Best Pract Res Clin Rheumatol. 2020 Apr 23:101514. doi: 10.1016/j.berh.2020.101514. [Epub ahead of print]
Primary hyperparathyroidism (PHPT) is a condition that affects calcium metabolism due to parathyroid hormone (PTH) hypersecretion leading to hypercalcemia. Manifestations have changed over time, from a symptomatic disease with bone pain, fractures, nephrolithiasis, and muscle weakness, to a condition that is mainly asymptomatic (80-90%). Typical symptoms and signs occur in the bones and kidneys and atypical manifestations are cardiovascular, neuropsychiatric and cognitive, neuromuscular, rheumatological, and gastrointestinal. Diagnosis occurs, in most cases, in asymptomatic patients by a routine calcium measurement with corrected high total calcium associated with high or inappropriately abnormal PTH. If indicated, a search for the location of the involved parathyroid gland should be performed with ultrasound, scintigraphy, or 4D CT. Parathyroidectomy is the gold standard treatment. If surgery cannot be performed, clinical management is indicated. Surgical indications are osteoporosis, hypercalciuria, spine fractures, age <50 years, calcemic values above 1.0 mg/dL threshold value, creatinine clearance ≤60 mL/min, and nephrolithiasis or nephrocalcinosis.
Current data demonstrate that clinical manifestation of PHPT has changed over the decades, and currently the diagnosis, most of the time, is made in asymptomatic patients (without bone and kidney diseases). However, it must be remembered that arthralgias, myalgias as well as generalized pain can also be a manifestation of HPTP, and therefore, it must be listed as a differential diagnosis of rheumatological symptoms. Similarly, cardiovascular and neuropsychiatric symptoms without any known etiology. However, these clinical manifestations are still not strong to indicate surgical treatment and therefore studies to evaluate the outcome of these specific symptoms after parathyroidectomy are necessary. In the presence of diagnostic suspicion, laboratory investigation including serum calcium and PTH as well as 24-hour urinary calcium and measurement of 25-OH vitamin D to rule out secondary hyperparathyroidism. In the management of HPTP, first, it is important to check out whether there is an indication for parathyroidectomy. Among the tools for localizing the parathyroid adenoma, 99mTc-sestamibi scintigraphy and dynamic (4D) CT imaging are the most effective. For those patients who will not have surgery for any reason, clinical treatment is indicated for controlling severe hypercalcemia (calcimimetic agent) and for avoiding bone loss (antireabsorptive drugs).

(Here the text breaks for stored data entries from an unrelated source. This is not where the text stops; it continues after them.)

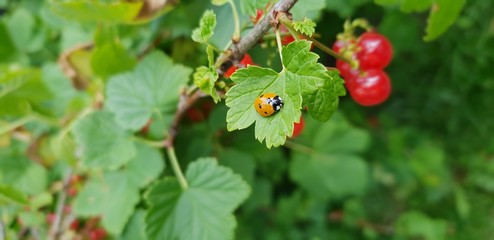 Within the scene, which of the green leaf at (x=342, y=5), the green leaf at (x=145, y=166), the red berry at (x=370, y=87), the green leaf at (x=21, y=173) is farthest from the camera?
the green leaf at (x=342, y=5)

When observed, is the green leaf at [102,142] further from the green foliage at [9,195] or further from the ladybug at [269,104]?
the ladybug at [269,104]

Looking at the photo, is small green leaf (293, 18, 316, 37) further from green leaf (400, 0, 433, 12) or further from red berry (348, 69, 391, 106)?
green leaf (400, 0, 433, 12)

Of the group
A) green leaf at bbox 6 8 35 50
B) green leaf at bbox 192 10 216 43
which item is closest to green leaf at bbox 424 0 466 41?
green leaf at bbox 192 10 216 43

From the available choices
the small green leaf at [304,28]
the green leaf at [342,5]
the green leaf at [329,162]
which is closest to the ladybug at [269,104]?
the small green leaf at [304,28]

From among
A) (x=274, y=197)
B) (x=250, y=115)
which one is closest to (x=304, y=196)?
(x=274, y=197)

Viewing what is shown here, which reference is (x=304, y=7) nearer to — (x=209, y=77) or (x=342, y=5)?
(x=209, y=77)

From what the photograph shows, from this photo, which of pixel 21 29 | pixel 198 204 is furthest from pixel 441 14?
pixel 21 29

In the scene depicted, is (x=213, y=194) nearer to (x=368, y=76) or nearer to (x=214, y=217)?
(x=214, y=217) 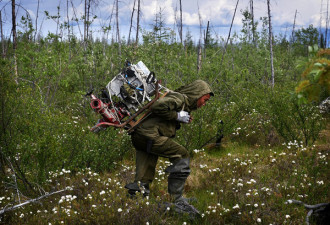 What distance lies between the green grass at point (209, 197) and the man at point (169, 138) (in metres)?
0.36

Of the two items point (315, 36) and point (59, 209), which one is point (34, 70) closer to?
point (59, 209)

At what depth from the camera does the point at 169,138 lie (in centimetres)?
Answer: 487

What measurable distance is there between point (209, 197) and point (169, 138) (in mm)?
1550

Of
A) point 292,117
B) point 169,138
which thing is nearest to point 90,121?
point 169,138

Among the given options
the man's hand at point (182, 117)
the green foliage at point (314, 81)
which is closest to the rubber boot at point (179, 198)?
the man's hand at point (182, 117)

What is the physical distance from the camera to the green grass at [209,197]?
430 cm

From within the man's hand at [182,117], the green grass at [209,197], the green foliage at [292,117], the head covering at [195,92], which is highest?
the head covering at [195,92]

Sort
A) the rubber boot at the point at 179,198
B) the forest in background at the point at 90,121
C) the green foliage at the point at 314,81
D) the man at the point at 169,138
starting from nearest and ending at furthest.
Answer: the green foliage at the point at 314,81 < the man at the point at 169,138 < the rubber boot at the point at 179,198 < the forest in background at the point at 90,121

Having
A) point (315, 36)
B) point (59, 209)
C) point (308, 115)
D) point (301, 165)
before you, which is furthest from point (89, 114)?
point (315, 36)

In addition, diuretics such as hydrochlorothiazide can be used for reducing hypercalciuria and the probability for kidney stones. Studies evaluating the role of drugs such as denosumab in improving from rheumatological symptoms in addition to increasing the bone mineral density and preventing fractures in patients with PTHP are still lacking.

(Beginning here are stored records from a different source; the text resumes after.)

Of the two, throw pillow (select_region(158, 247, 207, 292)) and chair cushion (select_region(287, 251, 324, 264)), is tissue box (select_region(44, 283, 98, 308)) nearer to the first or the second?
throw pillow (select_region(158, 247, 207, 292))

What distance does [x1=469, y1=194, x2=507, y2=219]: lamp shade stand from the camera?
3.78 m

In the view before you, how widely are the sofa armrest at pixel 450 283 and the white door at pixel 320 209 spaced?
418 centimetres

Most patients are diagnosed during routine checkups.
Primary hyperparathyroidism is the most common cause of laboratory hypercalcemia.

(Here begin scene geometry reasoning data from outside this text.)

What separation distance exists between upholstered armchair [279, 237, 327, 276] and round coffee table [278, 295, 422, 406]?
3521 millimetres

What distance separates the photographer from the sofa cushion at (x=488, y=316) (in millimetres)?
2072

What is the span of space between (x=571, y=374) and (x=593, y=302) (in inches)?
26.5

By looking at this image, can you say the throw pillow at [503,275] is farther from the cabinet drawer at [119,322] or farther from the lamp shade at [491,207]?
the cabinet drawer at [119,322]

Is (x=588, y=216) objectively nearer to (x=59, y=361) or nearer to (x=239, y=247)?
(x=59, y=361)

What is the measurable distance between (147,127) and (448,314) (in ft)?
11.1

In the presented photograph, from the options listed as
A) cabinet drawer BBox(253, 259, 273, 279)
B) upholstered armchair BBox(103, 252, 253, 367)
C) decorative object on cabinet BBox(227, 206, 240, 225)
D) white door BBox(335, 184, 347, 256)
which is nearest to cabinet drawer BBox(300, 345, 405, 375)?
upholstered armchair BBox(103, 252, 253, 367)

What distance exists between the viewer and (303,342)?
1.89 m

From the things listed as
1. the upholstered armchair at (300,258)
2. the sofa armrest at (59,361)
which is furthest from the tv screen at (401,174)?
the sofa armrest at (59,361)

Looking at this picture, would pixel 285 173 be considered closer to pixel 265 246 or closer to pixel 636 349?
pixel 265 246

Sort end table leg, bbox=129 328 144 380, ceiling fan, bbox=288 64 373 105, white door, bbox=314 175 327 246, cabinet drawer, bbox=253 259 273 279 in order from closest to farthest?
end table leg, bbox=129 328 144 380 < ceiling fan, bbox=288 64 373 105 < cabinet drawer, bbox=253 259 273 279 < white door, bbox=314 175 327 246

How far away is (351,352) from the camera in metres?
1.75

Some symptoms can be attributed to PHPT such as generalized pain, muscle weakness, and asthenia, which can mimic conditions like polymyalgia rheumatica and fibromyalgia.
A new subset of the disease characterized by NPHT may show bone loss and kidney changes.
The location of the affected gland is not indicated as part of the diagnosis, but only for surgical programming.
Parathyroidectomy is not indicated for all patients, but only for those who have osteoporosis, hypercalciuria, age less than 50 years, nephrocalcinosis, nephrolithiasis, renal dysfunction, hypercalcemia, and spinal fractures.